One year on from the crises in Justice
Published 31/05/2015 | 02:30
A year has passed since the crises related to the administration of justice but there is insufficient evidence to suggest that lessons have been truly learned, let alone acted upon.
In the first half of 2014, Garda whistleblowers were vindicated about internal maladministration and abuses of the fixed penalty points system. Garda oversight through the Garda Siochana Ombudsman Commission (GSOC) was proven to be defective and operating under inadequate legislation. The Department of Justice itself operated through a culture of secrecy and with a lack of proper management. These events led to the unprecedented resignation of a Garda Commissioner and a Minister for Justice.
A new era in Garda management was ushered in with the appointment of Garda Commissioner Noirin O'Sullivan, the first woman to be appointed to the position in the proud 90-year history of the force. At the time, there were those who remained sceptical that she was right person for the serious task at hand, given her senior position for many years in An Garda Siochana.
But her suitability was deemed appropriate and she was appointed by the Government on a permanent basis last November, having held the position in a temporary capacity for a considerable eight-month period.

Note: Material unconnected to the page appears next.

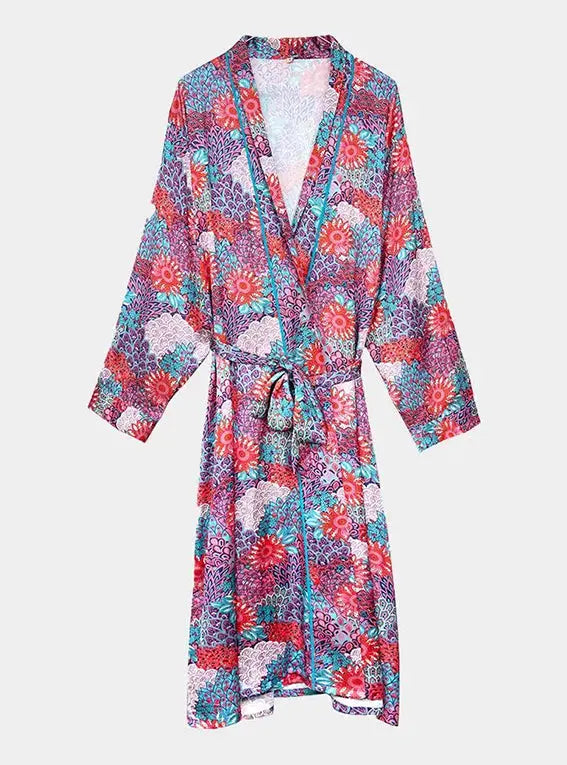 Peacock Women's Satin Robe inara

The Garda Commissioner has made a steady but unspectacular start in implementing a much-needed transformation plan. A recently announced reshuffle of Garda top brass is welcome. The establishment of a specialist squad to deal with child-protection and domestic violence is long overdue. Merging the National Drugs and Organised Crime Units makes sense.

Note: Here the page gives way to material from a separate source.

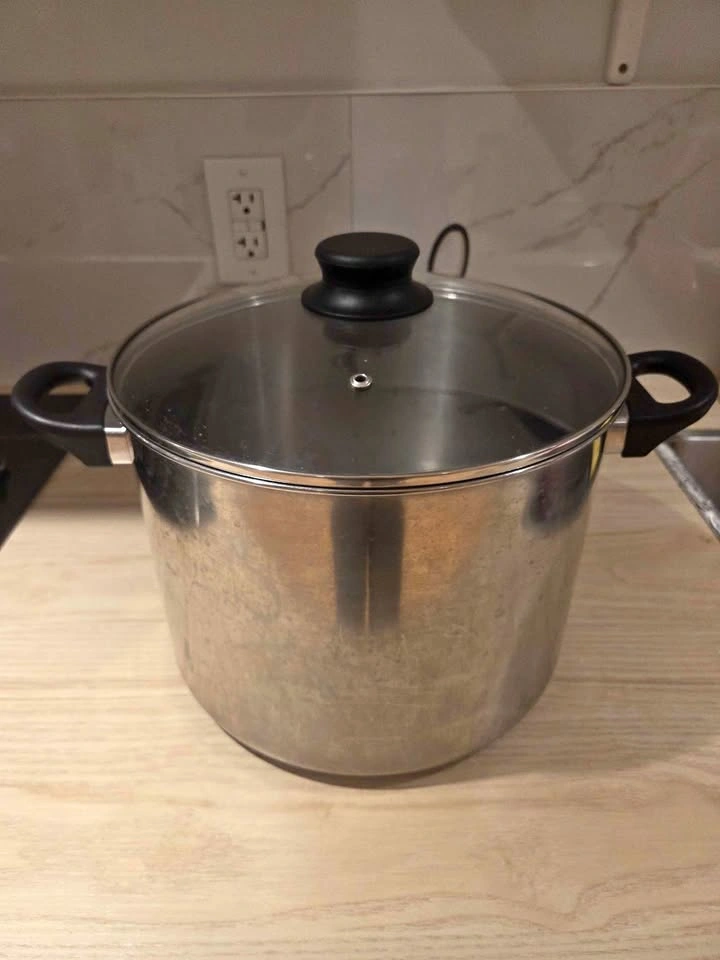 8-Quart Stainless Steel Stock Pot with Glass Lid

But there remains much to be done, with a far greater sense of urgency than is suggested by the arrest last week of a senior Garda officer, who was authorised to speak to the media, over his alleged dealings with the media.
The Garda Inspectorate recently published an excellent series of reports which highlighted systemic deficiencies repeatedly revealed in detection rates; defective notification procedures; inadequate personnel training; under-investment in technology and the dubious reclassification of offences. Specifically exposed were facts such as: 66pc of suspects who should have had their fingerprints taken did not; 83pc of crimes were downgraded to less serious offences; Pulse technology was outdated and there were 700 untrained detectives.
Today, the Sunday Independent reveals than an estimated 10,000 offences a year are 'disappearing' under the practice of reclassification. Senior Garda sources have said the downgrading of crimes has even impacted on murder probes which, they claim, have been effectively dropped because of a lack of resources required to bring cases to court.
More broadly, other issues remain unresolved: when will GSOC be given full legal powers to oversee the Garda Commissioner? As the Garda Confidential Recipient system has failed, should GSOC carry out internal and external investigations? Should a Garda investigation, or personnel, form any part of a GSOC probe?
These are issues not for the new Garda Commissioner but relate to the Department of Justice, which is responsible for the restoration and maintenance of confidence in the administration of justice.
However, there remains much for the Garda Commissioner to do. Now that her honeymoon period has ended, it is to be earnestly hoped that she will more urgently get on with the demanding job to hand.